O cantautor cubano Silvio Rodríguez voltou a gerar um intenso debate na opinião pública cubana com suas recentes declarações sobre a situação do país.
Em uma postagem publicada em 2 de março de 2025 em seu blog Segunda Cita, Rodríguez expressou sua preocupação com a perda da "dignidade nacional" em Cuba, apontando uma série de fatos que, segundo ele, evidenciam a decadência dos valores que outrora definiram a identidade da ilha.
Suas reflexões surgem em um contexto marcado pela celebração do XXV Festival do Habano, um evento de luxo que atraiu mais de 1.300 participantes de 70 países e que culminou com uma "Noite Intermediária" no Salão dos Passos Perdidos do Capitólio de Havana, sede do parlamento cubano.
A requintada ceia foi alvo de críticas nas redes sociais e por parte de figuras até mesmo próximas ao oficialismo, devido ao contraste com a grave crise econômica que a maioria dos cubanos enfrenta.
Rodríguez não mencionou diretamente o evento em seu blog, mas suas palavras foram interpretadas como uma crítica velada à ostentação de um setor privilegiado em meio à escassez generalizada.
"Distintas sinais sugerem que está acontecendo uma espécie de desaparecimento gradual do sentido de dignidade nacional. Eu sinto isso em fatos cotidianos.
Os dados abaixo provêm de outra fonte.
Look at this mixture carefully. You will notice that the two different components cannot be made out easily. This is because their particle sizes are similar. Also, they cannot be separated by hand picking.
Eu sinto isso na carnavalização da estátua da nação e da tumba do mambí desconhecido (...) Aonde chegamos para que essas coisas possam acontecer, para que o sagrado seja trivializado, para que se falte o respeito à memória de um ser humano, à sua família, às pessoas que o amam?", escreveu o músico.
Um desencanto evidente
A mensagem do trovador, outrora uma das vozes mais emblemáticas do movimento musical que acompanhou a chamada "Revolução Cubana", reflete um desencanto crescente com a direção que o país tomou nos últimos anos.
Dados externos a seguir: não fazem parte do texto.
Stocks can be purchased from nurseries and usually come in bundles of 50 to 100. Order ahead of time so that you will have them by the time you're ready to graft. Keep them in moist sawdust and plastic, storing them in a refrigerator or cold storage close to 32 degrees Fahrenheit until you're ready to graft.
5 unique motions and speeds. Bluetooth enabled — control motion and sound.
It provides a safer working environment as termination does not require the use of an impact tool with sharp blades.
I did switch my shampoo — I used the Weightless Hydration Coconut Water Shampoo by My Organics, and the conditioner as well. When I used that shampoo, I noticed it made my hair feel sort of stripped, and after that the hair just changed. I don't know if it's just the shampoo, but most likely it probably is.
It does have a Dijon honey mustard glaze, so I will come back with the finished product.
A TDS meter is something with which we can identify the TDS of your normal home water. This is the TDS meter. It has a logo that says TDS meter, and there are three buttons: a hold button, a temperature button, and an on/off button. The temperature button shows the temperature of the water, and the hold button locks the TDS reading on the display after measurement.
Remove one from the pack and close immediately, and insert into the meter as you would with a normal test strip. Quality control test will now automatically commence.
Em suas palavras, percebe-se não apenas uma crítica à falta de valores na sociedade e na liderança cubana, mas também uma preocupação com a influência de fatores externos que poderiam agravar a situação.
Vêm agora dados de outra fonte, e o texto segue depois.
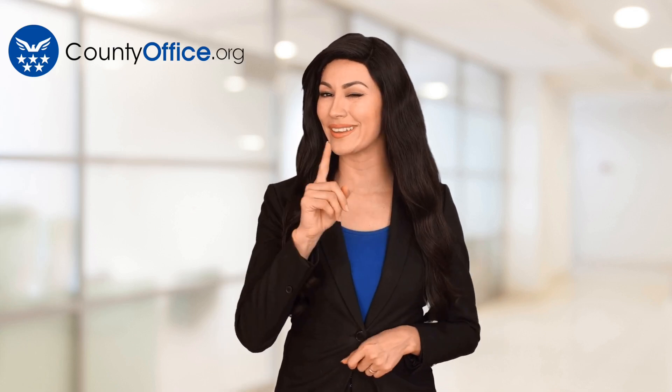Thanks for tuning in to our video. Please like and subscribe and leave a comment below. See you in the next video.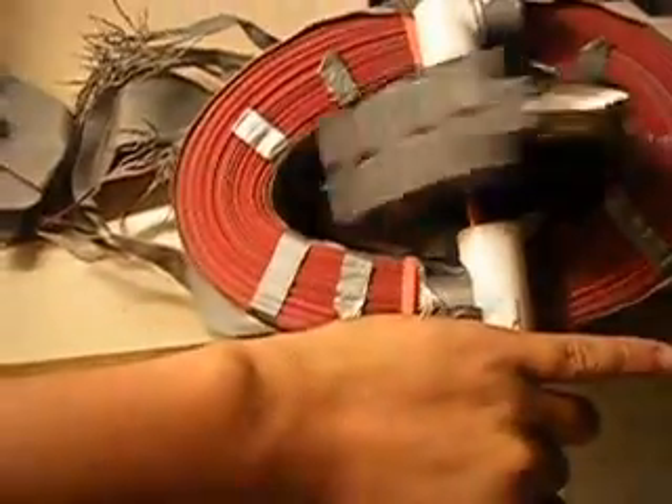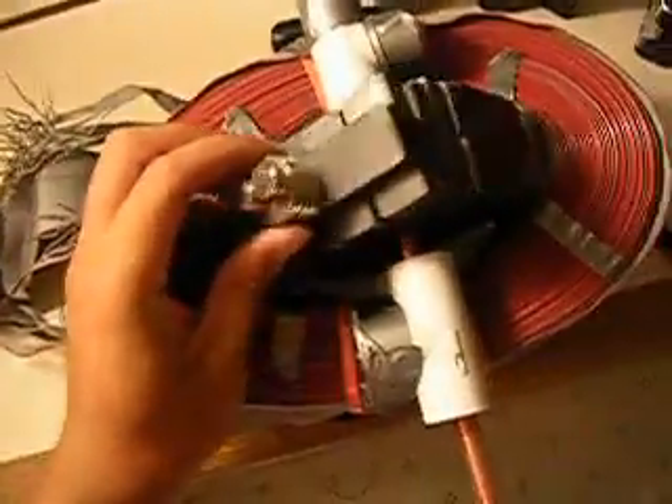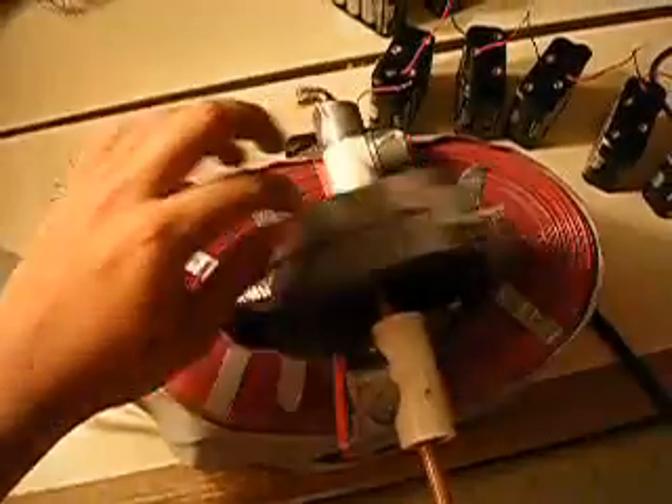That's how many magnets I have: 28 plus 12, that's 40 max. There's the torque right there — now a little push there.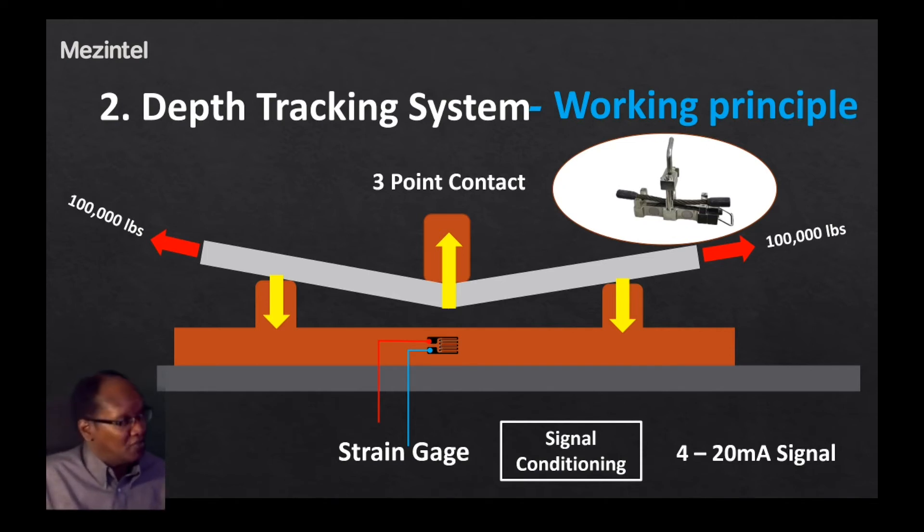The signal is then scaled by the software program to give you the hook load — the desired hook load or tension force on the cable. It is also used to derive the weight on bit for the setup. That is the working principle of the hook load sensor.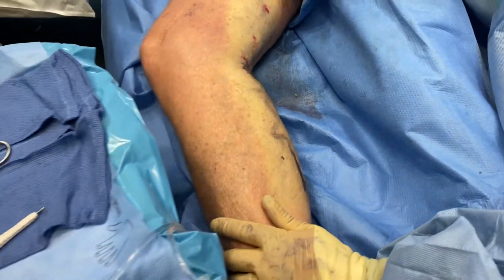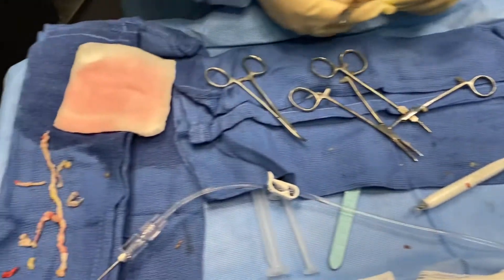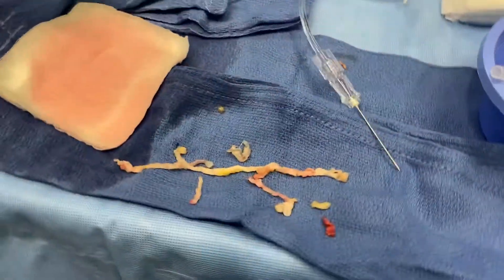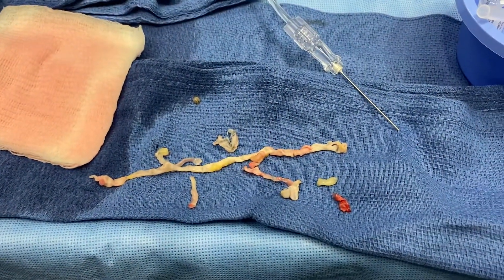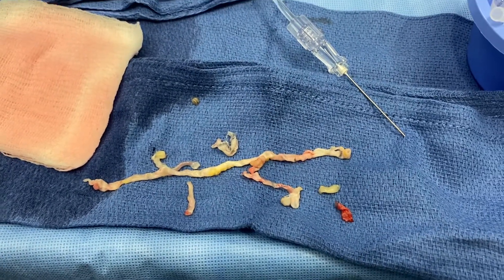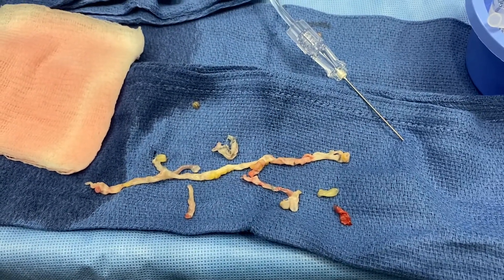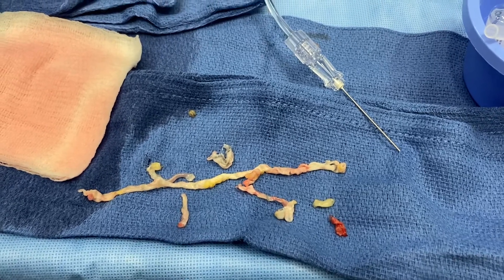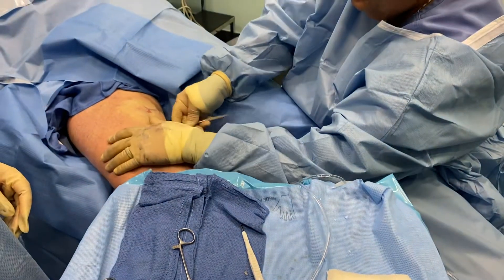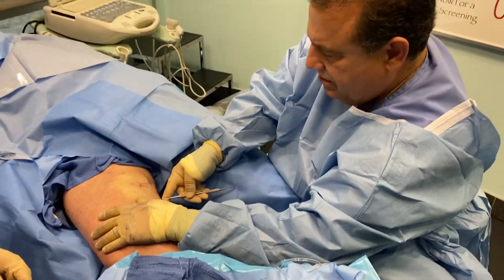The vein pieces are over here on the tray. This is the vein that was in the patient's leg — you can see how long it is. All these vein segments are gone, so the patient will see basically instant results. The procedure is called a minimal phlebectomy, performed by Dr. Bonavita.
"Um império em decadência pode revolucionar o mundo. É mais do que evidente. Claro que existem revoluções progressistas e revoluções retrógradas. O alcance desta nova revolta mundial estamos começando a ver e a sofrer, quem sabe até quando. O efeito que isso poderia nos causar em Cuba não é esperançoso", refletiu o cantautor.
O distanciamento de Silvio Rodríguez do discurso oficial não é um fato isolado. Nos últimos anos, suas declarações públicas têm mostrado uma postura crítica que contrasta com seu apoio incondicional ao governo cubano em décadas anteriores.
Em 2021, após os protestos de 11 de julho, Rodríguez reconheceu a legitimidade do descontentamento popular e chegou a se reunir com alguns dos manifestantes detidos, gesto que lhe rendeu elogios e críticas em igual medida.
Sua insistência na necessidade de um diálogo nacional e no reconhecimento dos erros internos do país tem crescido. Em 2022, em uma entrevista a um veículo estrangeiro, afirmou que "nem tudo de ruim que acontece em Cuba pode ser atribuído ao embargo", uma afirmação que se distanciava do discurso oficial do governo da ilha.
Um país em crise e uma elite que festeja
O escândalo em torno do Festival do Habano reacendeu o debate sobre a crescente desigualdade em Cuba. Enquanto no Capitolio uma gala era celebrada com a participação de personalidades internacionais e empresários, nas ruas, a população enfrenta a escassez de alimentos, medicamentos e produtos de primeira necessidade.
O evento também incluiu um leilão de umidificadores de luxo no qual
Silvio Rodríguez, sem mencionar diretamente o Festival del Habano, deixou clara sua postura sobre o deterioro da moral no país. "Entendo que não sejamos como quisemos ser; entendo que falta muito ainda. Mas não consigo entender o desrespeito e a falta de qualidade humana. Oxalá os cubanos e cubanas de vergonha não permitamos a indignidade e a destruição desta Pátria que custou tanto a construir e defender", afirmou.
Suas palavras reverberam em um momento de particular sensibilidade social em Cuba, onde a desesperança e o mal-estar parecem crescer na proporção do distanciamento entre a liderança política e a realidade cotidiana da maioria dos cidadãos. O desencanto de Rodríguez é, para muitos, o símbolo de uma crise mais profunda: a de uma Revolução que, segundo alguns de seus próprios exponentes, perdeu sua essência.